Principaux points à retenir
Les soumissionnaires et les entités adjudicatrices doivent garder à l'esprit ce qui suit :
- Règle essentielle : toujours respecter les règles exposées dans la demande de propositions.
- Le processus d'appel d'offres peut créer des obligations contractuelles et faire naître, pour l'entité adjudicatrice, un devoir d'agir équitablement envers tous les soumissionnaires conformes.
- Les conditions implicites clés du contrat A sont les suivantes :
- Il existe une différence entre une soumission qui contient un vice de forme et une soumission dont la non-conformité est importante.
- Si une soumission n'est pas conforme ou qu'elle contient tellement de restrictions qu'elle constitue une contre-offre, aucun contrat A n'est formé et aucun devoir d'agir équitablement n'est dû au soumissionnaire.
- Une clause de réserve élargie n'excusera pas une incapacité à se conformer aux exigences obligatoires.
- Une application excessive des droits conférés par une clause de réserve peut aller à l'encontre du devoir d'agir équitablement, qui est un corollaire de l'existence d'un contrat A.
- Les clauses de réserve ou les clauses de renonciation ne sont pas des solutions aux demandes de propositions ou soumissions mal structurées.
[1] La Reine du chef de l'Ontario c.
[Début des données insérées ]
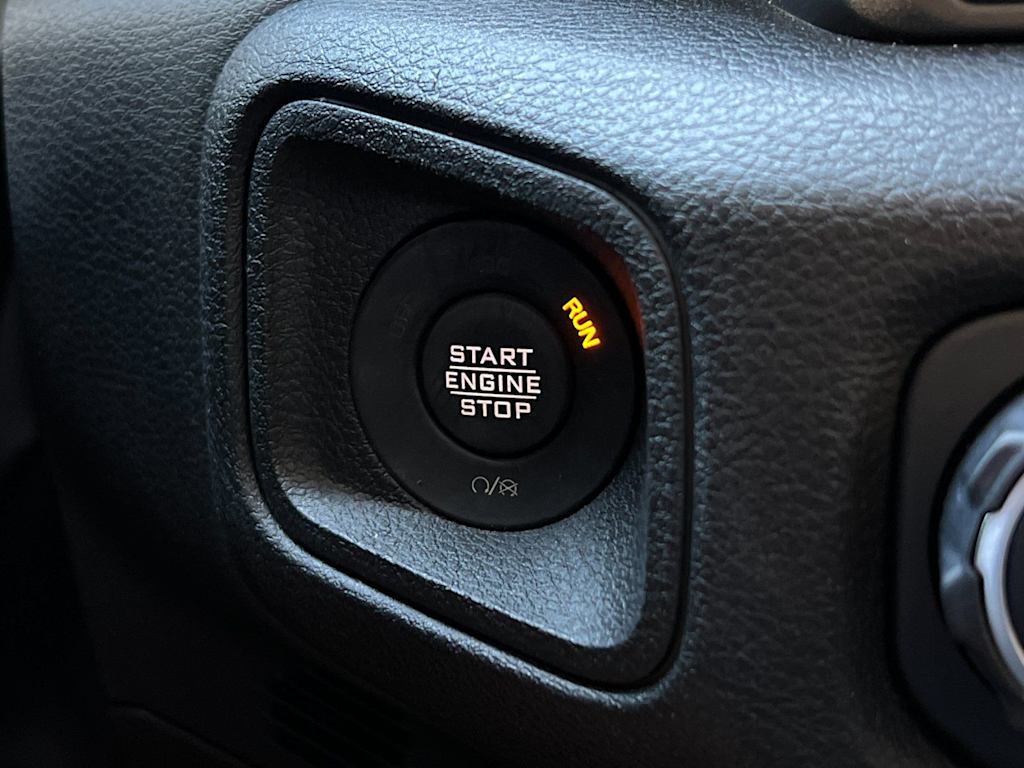 Thumbnail: 2024 Jeep Wrangler - 26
Ron Engineering, [1981] 1 RCS 111 (Ron Engineering).
[2] Le contrat écrit final entre le soumissionnaire retenu et l'entité adjudicatrice est appelé « contrat B ».
[3] Le devoir d'agir de bonne foi, au sens d'un traitement équitable, exige de l'autorité adjudicatrice qu'elle agisse de bonne foi envers tous les soumissionnaires, et ce devoir est généralement implicite tout au long du processus d'appel d'offres. Le devoir d'agir équitablement prend naissance avec la prise d'effet du contrat A et s'éteint une fois que le contrat B entre en vigueur. Il n'existe pas de devoir d'agir équitablement autonome ou « indépendant » en l'absence d'un contrat A.
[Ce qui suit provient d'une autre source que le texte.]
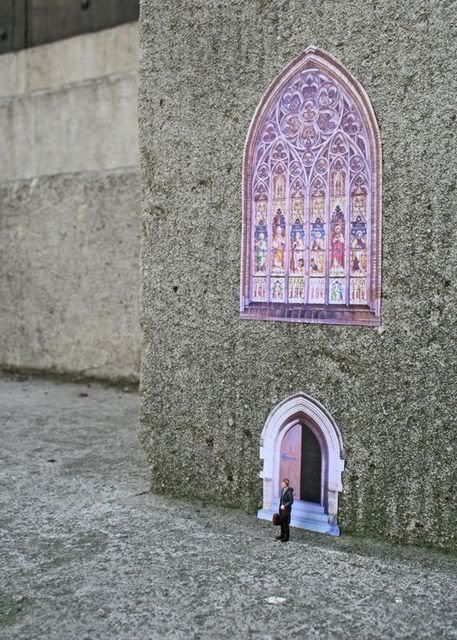 Mini Mundo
[4] Kinetic Construction Ltd. v. Regional District of Comox-Strathcona, 2003 BCSC 1673 au para 30.
[5] 2007 CSC 3.
[6] Rappelez-vous notre bulletin sur les exigences vagues des appels d'offres dans lequel nous expliquions qu'il incombait aux soumissionnaires de clarifier les exigences vagues avant de déposer une soumission. Tenter de clarifier une exigence vague en insérant une restriction dans votre soumission pourrait nuire à vos chances de succès.